And I thought mutual fund investors were bad at timing. Nice new paper, and of course, a great summary from CXO:
"The aggregate annualized dollar-weighted return from hedge funds to investors is on average about 4% less than the comparable passive buy-and-hold hedge fund return (compared to 1.5% deficits between dollar-weighted returns for broad stock indexes and mutual funds relative to buy-and-hold)…In summary, actual hedge fund investor return/risk experience, due to the timing of entries and exits, is much worse than that indicated by the continuously measured returns and volatilities of the funds themselves."
"Higher Risk, Lower Returns: What Hedge Fund Investors Really Earn" Dichev and Yu.

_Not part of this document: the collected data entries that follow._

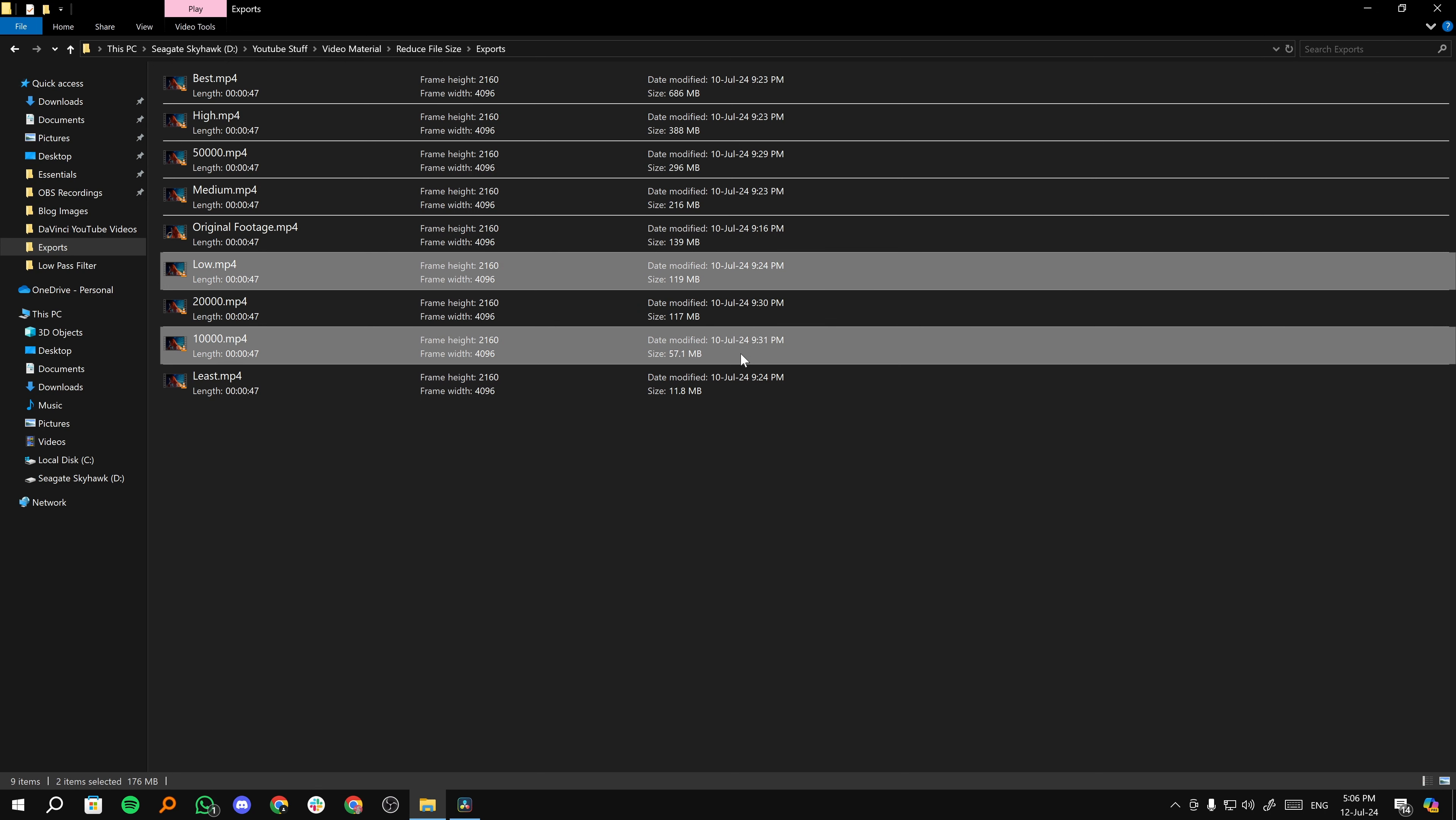So low and the lowest number with the best output are the two options that you have to reduce the file size in DaVinci Resolve. And that's basically it for the video, guys.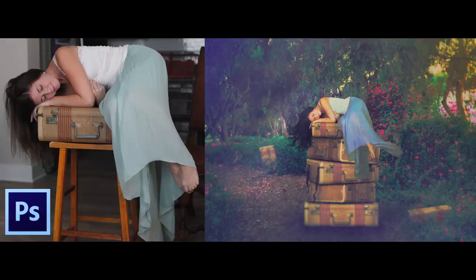So this is what the before and after looks like. You can tell that obviously this image is a composite.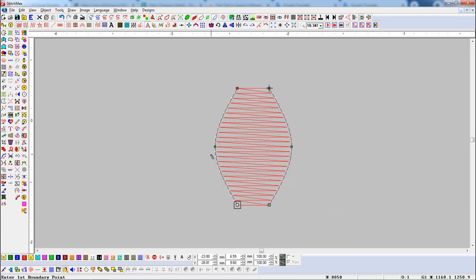Now you can see the pencil is the mouse cursor. Use left click and drag to add a direction.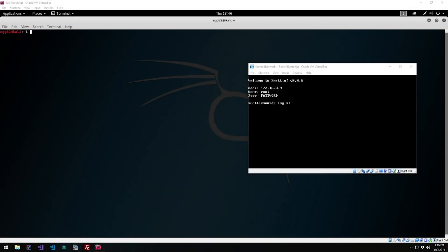Hey guys, what is up? Today we are going to be looking at breaking boxes with SQL injection. So if you don't know what that is, or how you can pop a box with it, or just want to learn a bit more, then stick around.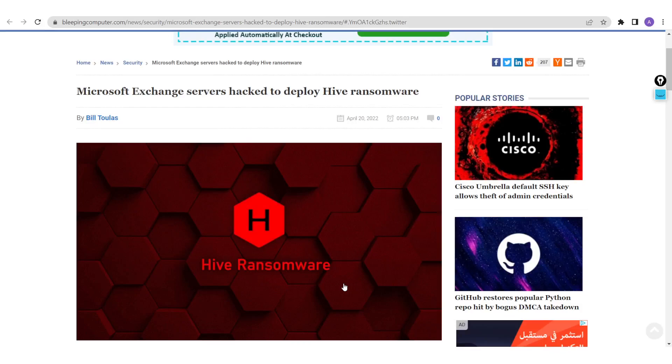We are always insisting that whenever a critical or high severity patch is published by any vendor, this patch should be deployed on your production environment after following your patch management process. Any critical or high patch needs to be deployed immediately after ensuring that this patch will pass the sanity check, because otherwise you may be susceptible to being exploited by this vulnerability.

This study makes a critical distinction between the returns of hedge funds and the returns of investors in these funds. Investor returns depend not only on the returns of the funds they hold but also on the timing and magnitude of their capital flows into and out of these funds. The capital flow effect exists for any investment but is especially relevant for hedge funds because of the large magnitude and variation in the associated capital flows. We use dollar-weighted returns (a form of IRR) to assess the properties of actual investor returns on hedge funds and compare them to buy-and-hold fund returns. Our first finding is that annualized dollar-weighted returns are on average about 4 percent lower than corresponding buy-and-hold fund returns. This performance gap rises to as much as 9 percent for "star" funds with the highest buy-and-hold returns and for funds with high volatility of capital flows, a remarkable difference in assessing long-run investment performance. In addition, dollar-weighted returns are below comparable returns for broad-based stock indexes. Our second finding is that dollar-weighted returns are more variable than their buy-and-hold counterparts. The combined impression from these results is that the return experience of hedge fund investors is much worse than previously thought.